To become an active producer of culture entails the attempt to overcome these shortcomings. When “doing” culture consciously, we try to think about the contexts and conditions that govern our cultural activities and to reflect on the effects these have. Producing culture actively, thus, entails to think about the stance, the point of departure from which we act. It requires to think of the values, collective norms and invisible rules that guide our behaviour and to reflect on the social and cultural positioning of our activities. Finally, it encompasses a claim to participate in the formulation of the norms and values that govern society, to take part in its decision-making process about who or what counts as important or unimportant, as good or bad and to change the rules by which social and cultural relations are reinforced. Products of such activities – works of art, DIY cultural forms, etc. – irritate and challenge the way we “normally” see and do things. Today a host of contemporary art productions exist that aim to reflect on and interpret our cultural contexts and the underpinnings of our daily routines (see the articles by Siglinde Lang and Elke Zobl on the “Matrix of Cultural Production” and on “Art goes Culture” in this volume).
Cultural production in this sense can be understood as an intervention in the process of producing meaning. Since this process is one of constant reshaping and redefinition, it has been called “the circle of meaning production” within cultural studies. This circle addresses the sides of production, product and consumption alike and stimulates questions such as: Where and when did a cultural artefact originate? Which legal, economic and political forces govern and restrict it? How does it express the existing power relations in society? Why was it produced and by whom? Who consumes and appropriates it and for what reason? Answering these questions promotes an awareness of the different forces that are involved in shaping our culture and that determine the effects our cultural productions will have. Being aware of the different moments in the circle, thus, constitutes a prerequisite for actively changing the production of meaning in society and giving a voice to new ideas.
The international MA programme in Cultural Production aims at providing artists and other cultural producers with the theoretical and practical means for such an active examination of culture. On the theoretical side it has attempted to raise awareness for the different moments in the circle of meaning production and provided its participants with information and knowledge on its workings. Given this broad understanding of the term cultural production it becomes immediately clear, that a work of art or a media text cannot exist in any meaningful sense unless there are consumers, spectators and audiences, who consume, interpret or co-create this product.
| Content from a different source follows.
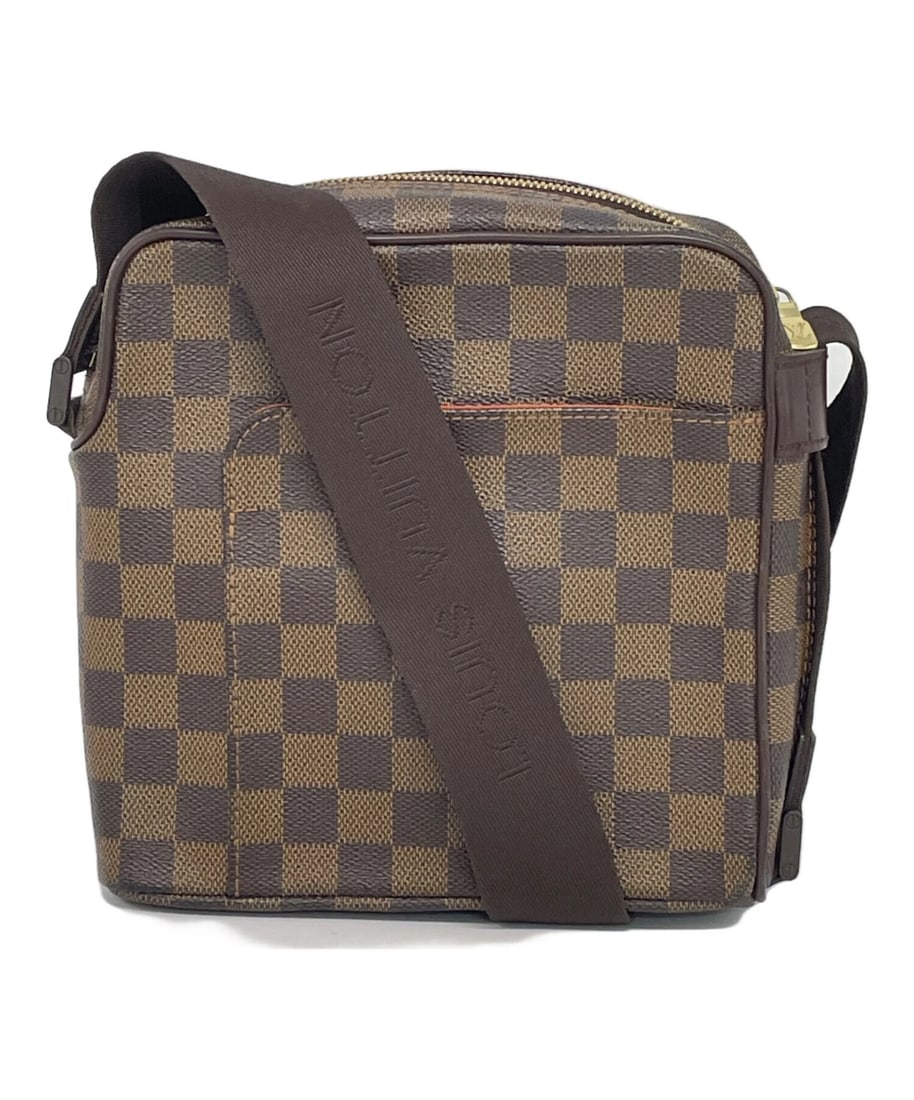 LOUIS VUITTON SHOULDER BAG: LOUIS VUITTON Shoulder Bag Brand: LOUIS VUITTON Type: Handbag Material: Damier Canvas Color: Brown Size: H:20.0cm / W:20.0cm / D:8.0cm Accessories: None Accessories Notice: When purchasing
Thus, reflections on art mediation and audience development are part of the business plan developed by the participants of the Master programme – as well as an environmental analysis, an arts marketing and PR strategy, a SWOT analysis, the budget needed, etc…
The business plan itself is part of a project that in turn is theoretically grounded in the ideas of culture as a lived, constantly changing and shifting thing produced in everyday life. Since active cultural production depends on such reflections, it always involves our identity and thus entails a moment of personal change and growth. Often such products are done collaboratively, since cooperation is a prerequisite for finding one’s own unique voice when aiming at intervention and change. The MA provided such a common ground for developing the projects and it was amazing to see how people stemming from different nations and cultures, from different sections of art and media, from different political and social stances managed to form a productive group that took interest in each other’s work, helped it along and developed an empathetic attitude towards each other. This is exactly what we mean, when we talk about cultural production as a lived experience.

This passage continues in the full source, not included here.